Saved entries
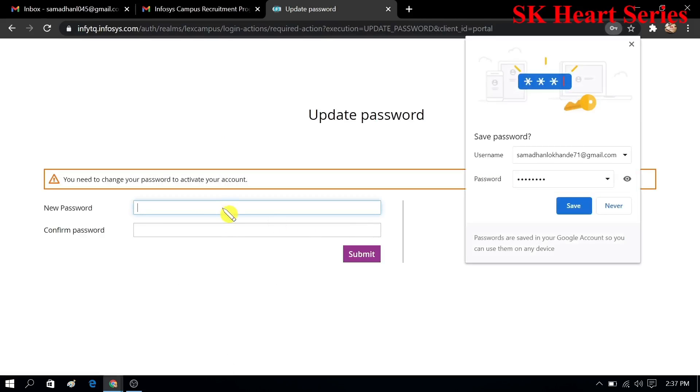Here you have to update your password. You can change that password. I will change my password here.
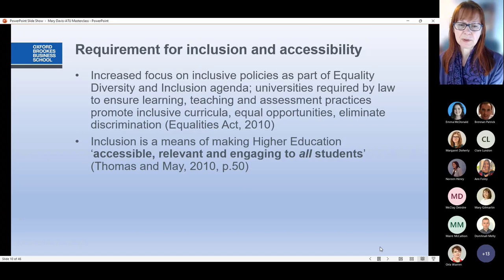I use this quote from Liz Thomas and Helen May from an Advanced HE study, which defines inclusion as making higher education accessible, relevant and engaging to all students. Those three words are really useful: by making academic integrity accessible, we ensure all students can engage and understand it; by making it relevant, we ensure it is prioritised; and by making it engaging, students take part in it. When we improve inclusion for specific student groups, we improve it for all students.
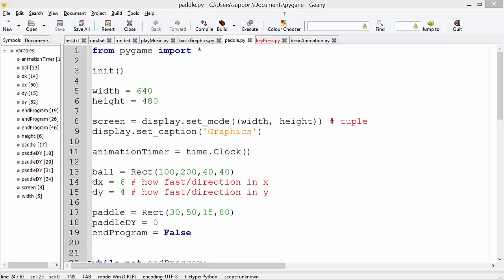In this tutorial, we're going to be looking at how to create a very simple squash game. We've actually done quite a lot of the hard work already. We've done the animation, we've looked at collisions. All we need to do is now bring all this together, all the things we've done so far, in order to create a simple game.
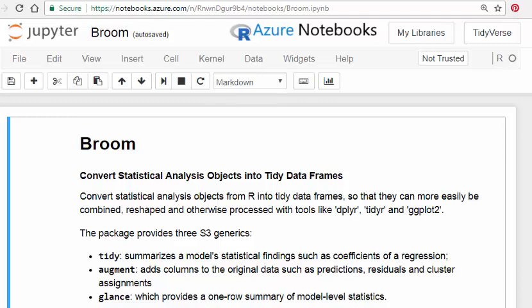In this presentation we're going to look at the broom package. The broom package is a nice, simple, straightforward package from the tidyverse — well, it's more or less a tidyverse package. Essentially, the idea is to convert statistical analysis objects into tidy data frames.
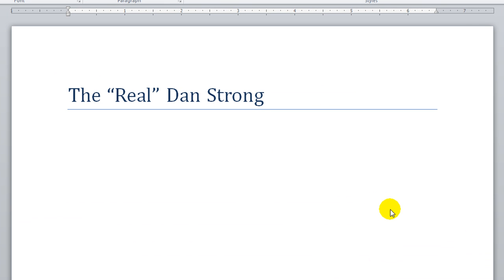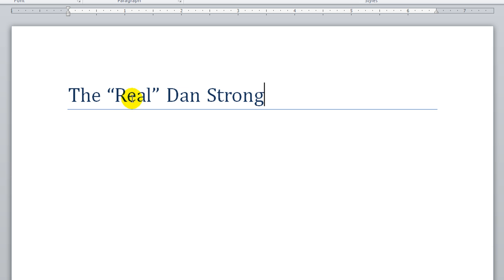Hey everybody, Dan Strong with Excel VBA's Fun. I've been getting a lot of requests like, hey, who's the real Dan Strong? What do you look like? Different things about my personal life and everything. So what I wanted to show you is I'm going to give you a gift.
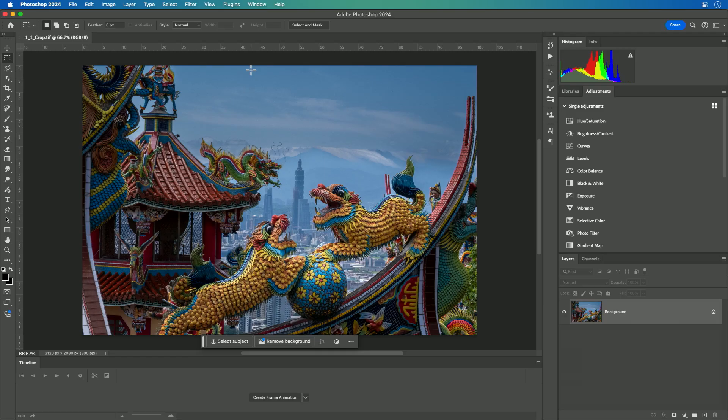Cropping offers you the ability to size an image to a particular shape or aspect ratio, and Photoshop offers several different controls within the crop tool to let you be as specific as you want. Let's take a look.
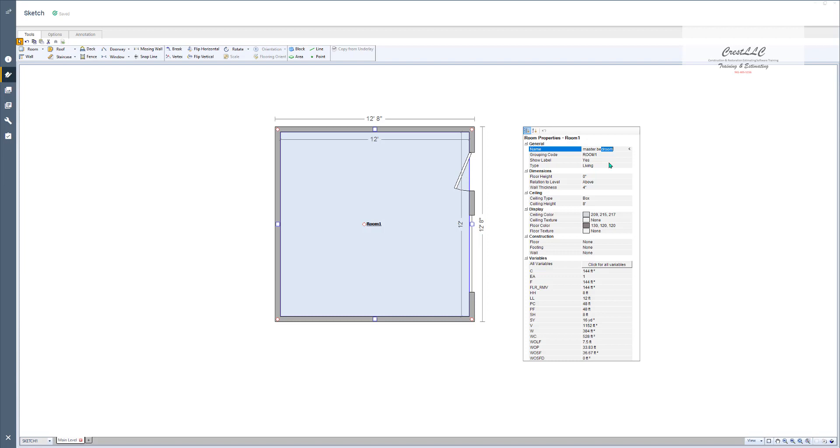Some of these you can put in just with one letter. Like for example a walk-in closet, as soon as you hit the W there it is because there aren't too many rooms that start with the W. So depending on what you want, you can either click out of it or hit enter and there you've renamed the room.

PROBLEM DESCRIPTION:
Return, exactly as they appear, the lines from the line containing "Cropping offers you" through the end of the records above, both ends included, without pictures.

RESPONSE TO THE EXERCISE:
Cropping offers you the ability to size an image to a particular shape or aspect ratio, and Photoshop offers several different controls within the crop tool to let you be as specific as you want. Let's take a look.
Some of these you can put in just with one letter. Like for example a walk-in closet, as soon as you hit the W there it is because there aren't too many rooms that start with the W. So depending on what you want, you can either click out of it or hit enter and there you've renamed the room.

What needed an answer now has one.